Bu sorunlu sürecin ne zamana kadar devam edeceği konusunda net bilgi olmadığı gibi, bu yıl ki başvurularda nasıl bir yöntem uygulanacak halen belirsizliğini koruyor.
Devlet KDV'nin peşine düşerken olan çiftçiye oluyor. Doğrudan gelir desteği 1999 yılında ilk başladığında fatura istemeyen devlet KDV'nin peşine düşünce (kayıt içi yapayım) derken kayıt dışı fatura kestiren KDV'sini ödeyerek kestirdiği faturalardan dolayı zor durumda kalmıştır.
Bu sorunlu uygulama nasıl düzelir?
Öncelikle şu sorulara cevap aranmalıdır.
Çiftçi KDV'sini ödediği ürününe aldığı faturayı kesen şirketi nasıl belirleyecek? Nasıl denetleyecek?

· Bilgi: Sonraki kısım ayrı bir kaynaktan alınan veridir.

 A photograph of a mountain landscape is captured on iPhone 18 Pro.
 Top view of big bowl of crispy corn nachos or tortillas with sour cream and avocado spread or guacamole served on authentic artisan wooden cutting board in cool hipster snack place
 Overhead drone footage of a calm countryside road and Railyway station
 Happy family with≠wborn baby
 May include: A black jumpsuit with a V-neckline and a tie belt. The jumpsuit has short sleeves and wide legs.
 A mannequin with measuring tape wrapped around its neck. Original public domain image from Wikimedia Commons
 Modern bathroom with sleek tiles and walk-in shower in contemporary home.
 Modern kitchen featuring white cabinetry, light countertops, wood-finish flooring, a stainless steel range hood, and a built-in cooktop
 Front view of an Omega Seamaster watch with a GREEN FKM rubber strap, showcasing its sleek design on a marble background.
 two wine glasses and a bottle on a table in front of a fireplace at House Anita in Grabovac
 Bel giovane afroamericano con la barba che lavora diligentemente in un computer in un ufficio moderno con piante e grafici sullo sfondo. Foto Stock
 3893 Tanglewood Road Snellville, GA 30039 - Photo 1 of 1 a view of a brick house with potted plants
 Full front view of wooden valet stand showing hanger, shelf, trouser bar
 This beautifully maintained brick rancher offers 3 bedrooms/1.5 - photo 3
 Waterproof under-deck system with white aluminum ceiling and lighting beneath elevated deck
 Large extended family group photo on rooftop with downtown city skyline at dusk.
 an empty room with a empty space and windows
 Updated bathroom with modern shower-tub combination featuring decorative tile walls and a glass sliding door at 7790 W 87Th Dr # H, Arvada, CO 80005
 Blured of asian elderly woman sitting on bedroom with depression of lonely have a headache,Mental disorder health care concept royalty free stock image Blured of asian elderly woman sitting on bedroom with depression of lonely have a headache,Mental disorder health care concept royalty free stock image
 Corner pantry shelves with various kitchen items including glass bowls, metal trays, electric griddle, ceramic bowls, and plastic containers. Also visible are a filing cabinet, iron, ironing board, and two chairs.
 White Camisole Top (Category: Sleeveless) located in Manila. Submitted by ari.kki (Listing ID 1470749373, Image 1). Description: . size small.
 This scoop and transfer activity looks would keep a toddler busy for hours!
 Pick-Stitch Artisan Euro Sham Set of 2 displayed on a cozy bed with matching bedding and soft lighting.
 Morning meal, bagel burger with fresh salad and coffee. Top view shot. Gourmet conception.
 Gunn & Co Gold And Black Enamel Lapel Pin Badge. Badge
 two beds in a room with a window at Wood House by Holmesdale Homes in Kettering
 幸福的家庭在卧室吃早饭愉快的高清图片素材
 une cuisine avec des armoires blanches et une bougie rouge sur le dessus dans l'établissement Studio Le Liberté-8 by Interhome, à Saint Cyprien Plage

Çiftçi ürünü İmam Keskin Buğday Pazarına satıyor. Buğday pazarı esnafı ve dernek başkanı diyor ki burada hiç kimse fatura kesemez verilen faturalar bize ait değil... Faturayı veren esnafa sorulunca "Benim faturam değil. Ben okuma yazma bilmem" işin içinden çıkmaya çalışıyor.
Çiftçi doğrudan gelir desteğinin dönüm başına belirlediği miktardan az üretim yapmasına rağmen, "hakkım" dediği desteği almak için olmayan ürününe fatura kestirmekle suç mu işliyor?
Çiftçi desteklemeden alacağı miktarı, son kuruşuna kadar kullanmak istemesini bir hak olarak görüyor.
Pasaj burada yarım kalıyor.